A Finite MDP is the probabilistic (stochastic) equivalent of Finite State Automata (or Finite State Machines) — in case you come from Computer Science field.

MDP Diagram of a Recycling Robot (*Source: Udacity)

In the example above we see an MDP Diagram of a Recycling Robot. We are given two possible battery states here [high, low]. We are also given an action set of [search, wait, recharge]. In this “stochastic” model, we see also by what chance an action can be favored over another, and with what Reward.

For example, by the above MDP diagram, at high state, we see that searching has 70% (.7) chance to keep the battery at the same high state and provide a reward of 4, while it has a 30% (.3) chance to change the robot’s battery state to low with a reward of 4.


Deep Reinforcement Learning (DRL)

Is that all? Definitely not! We have only touched some of the fundamental parts of reinforcement learning (intentionally avoiding mathematics). There are plenty more to see (including math) before we can even start talking about Deep Reinforcement Learning.

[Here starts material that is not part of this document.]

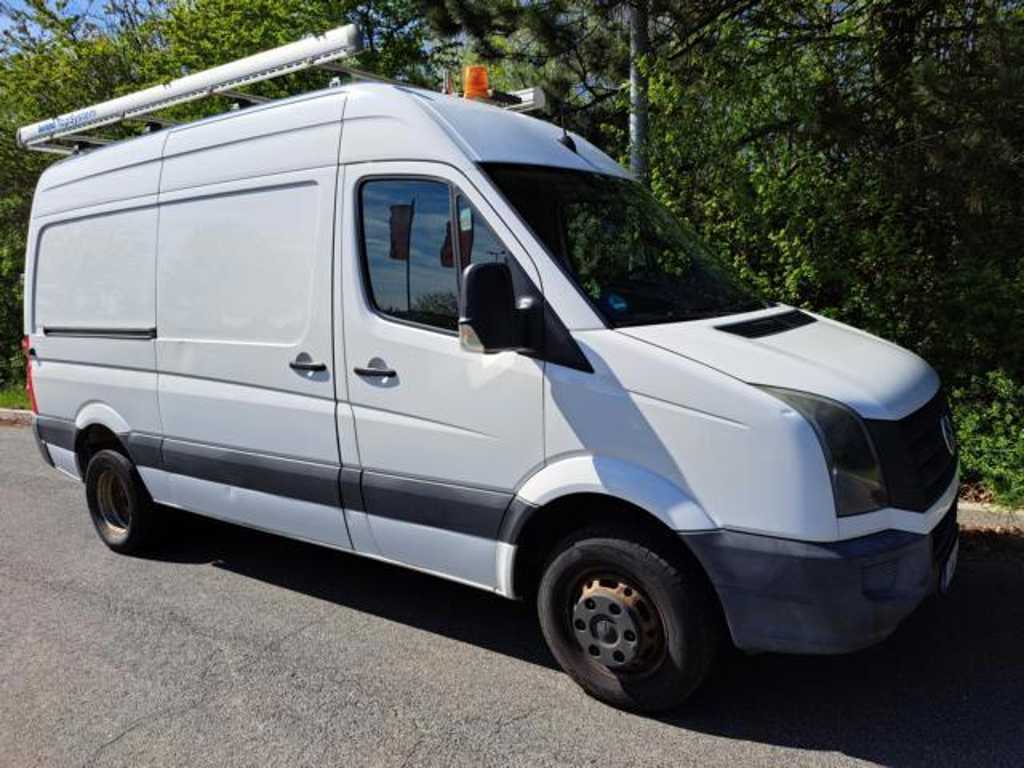 VW - Crafter 50 - High-capacity box with workshop and roof rack - Van - 2012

However, many should wonder where do neural networks fit in RL. I mean we can populate a q-table with state/action log and use it to choose actions depending on our existing state! So where do the Neural Networks fit?

Well, usually the tasks are way more complex. This will either mean a q-table that is unrealistically large, or that our problem cannot be expressed with a classic q-table at all!

Imagine you play Tennis. The ball cannot come just on your right or your left, so it cannot be represented by a left/right state! It can come anywhere between your right and left, and top to bottom. This means that we deal with real numbers that can be any floating-point value to represent each state, turning this to an “infinite valued q-table” (which simply cannot be defined). So in “continuous spaces” things can fall apart!

One fix could be to discretize our continuous spaced world and create imaginary squares, in order to turn this to a grid-world problem that can be dealt with a q-table.

However this is not feasible always, and as we mentioned before, even if we perform discretization, this might produce unrealistically large q-tables which need an equally unrealistically large number of episodes in order to effectively fill-up the log entries for each action per each state.

So here we could approach such a problem using function-approximation that can correspond states to actions.

Deep Neural Networks are defined as Universal Function Approximators.

To see the big picture (if you come from a Deep Learning background) — with Neural Networks (NN) — in Image Classification problems we turn pixels to labels.

Well, in the case of Reinforcement Learning, the idea is to turn states to actions.

In image classification problems... 
Pixels -> [NN] -> Probabilities over Labels

In reinforcement learning... 
Environment's State -> [NN] -> Probabilities over Agent's Actions

So the main idea is to create something that will approximate a q-table over infinitely real value sets of states, rather than a discrete set of states.

In the Neural Network, we have: “Input=State” and “Output=Action”

DRL in a nutshell…

In Deep Reinforcement Learning, you represent the Q-Table with a neural network. You try to keep your estimates about how actions affect the world over your state, by altering the weights of the neural network (gradient descent).

Thus through function approximation, we try to predict the probability of the best-fitted action for a given state and thus simulate a q-table.

The big difference between classic offline classification training, where the training dataset is provided to you, is that with this online training it is YOU the one that builds the dataset with every step of your exploration, as it produces results to be evaluated by the dataset. Such a transitioning creation of a dataset can cause obvious issues to a neural network and can be dealt with various techniques.